Cuando Apple presentó el iPhone dije que no quería uno, al menos en aquel momento, porque no me convencía el hecho de que sólo se pudiera acceder a aplicaciones nuevas a través de la web, en especial en un teléfono sin 3G, algo que a estas alturas no puede faltar en un dispositivo móvil que quiera servir para navegar por Internet. [...]
Pero pronto se demostró, una vez más, que no se pueden poner puertas al campo y, en cuestión de semanas, el iPhone había sido desbloqueado. Aparecieron innumerables aplicaciones que lo hacían cada vez más útil, lo que hizo que mi convicción comenzara a flaquear.

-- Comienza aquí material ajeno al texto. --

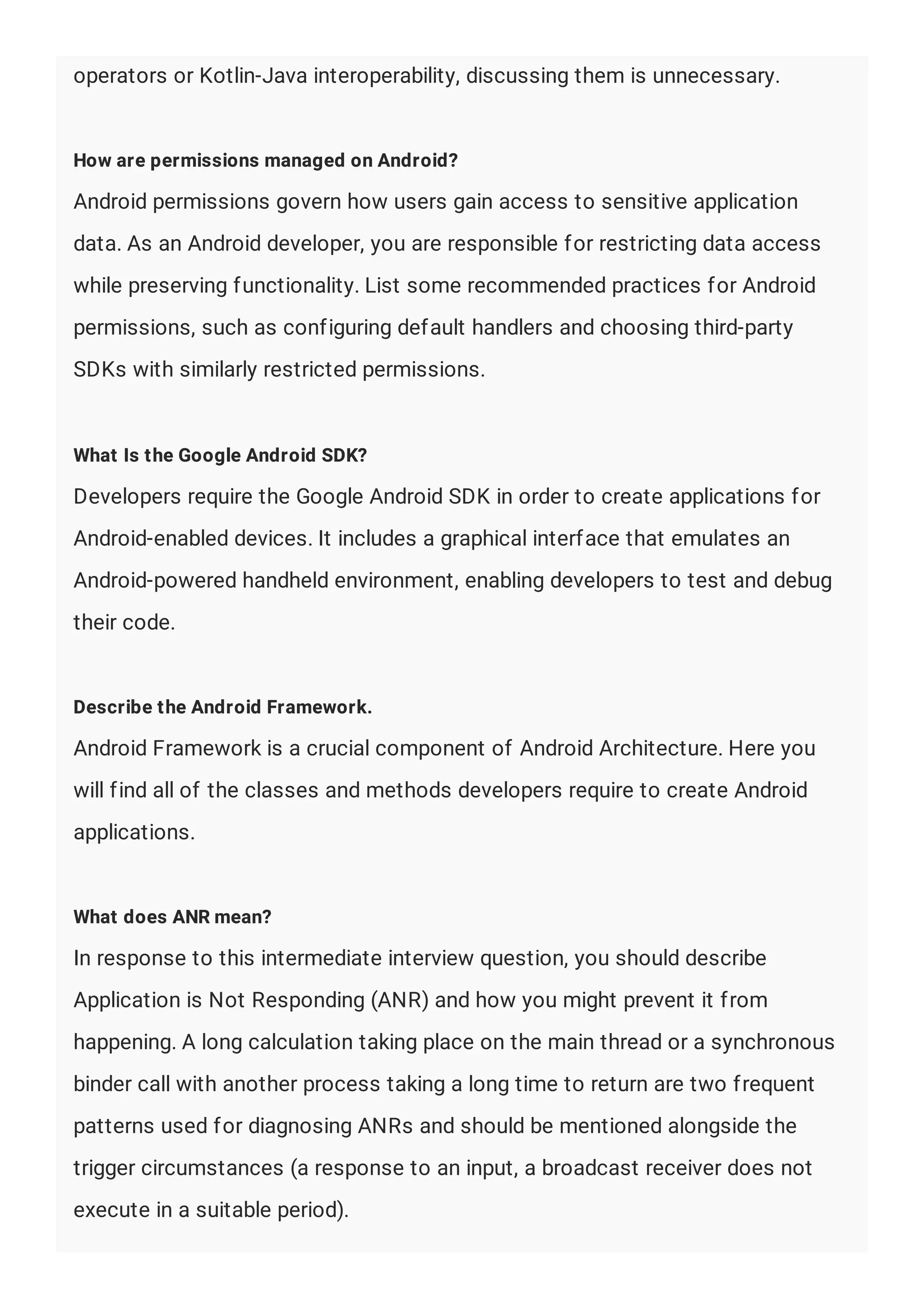 operators or Kotlin-Java interoperability, discussing them is unnecessary.
How are permissions managed on Android?
Android permissions govern how users gain access to sensitive application
data. As an Android developer, you are responsible for restricting data access
while preserving functionality. List some recommended practices for Android
permissions, such as configuring default handlers and choosing third-party
SDKs with similarly restricted permissions.
What Is the Google Android SDK?
Developers require the Google Android SDK in order to create applications for
Android-enabled devices. It includes a graphical interface that emulates an
Android-powered handheld environment, enabling developers to test and debug
their code.
Describe the Android Framework.
Android Framework is a crucial component of Android Architecture. Here you
will find all of the classes and methods developers require to create Android
applications.
What does ANR mean?
In response to this intermediate interview question, you should describe
Application is Not Responding (ANR) and how you might prevent it from
happening. A long calculation taking place on the main thread or a synchronous
binder call with another process taking a long time to return are two frequent
patterns used for diagnosing ANRs and should be mentioned alongside the
trigger circumstances (a response to an input, a broadcast receiver does not
execute in a suitable period).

Siendo un poco bruto, y con perdón, el iPhone siempre me ha puesto burro. Me encantaba la idea, demasiado bonito, demasiado geek. Aunque estaban los problemas de tarifas. Soy joven, no tengo un duro, y no me atrae la idea de tener que pagar una tarifa mensual para utilizar algo, aparte de llamadas y sms.
¿Mi solución? Tambien me ha venido la inspiración via Google Reader, puesto que a pocas horas de sacar el iPhone 2.0, los chicos del iPhone Dev Team ya han conseguido liberarlo. Así que ya se por donde voy a tirar. Hablando con un amigo, me comentaba que tambien estaba el problema de los Hot-spots de Telefónica, para tener WiFi en muchos sitios. Y en ese caso llevo yo ventaja, pues soy usuario de Fon, y ahi si que voy a encontrar puntos WiFi.
Lo único que tengo que hacer ahora (que seguramente esperaré despues del verano), es conseguir un iPhone, y ya os contare.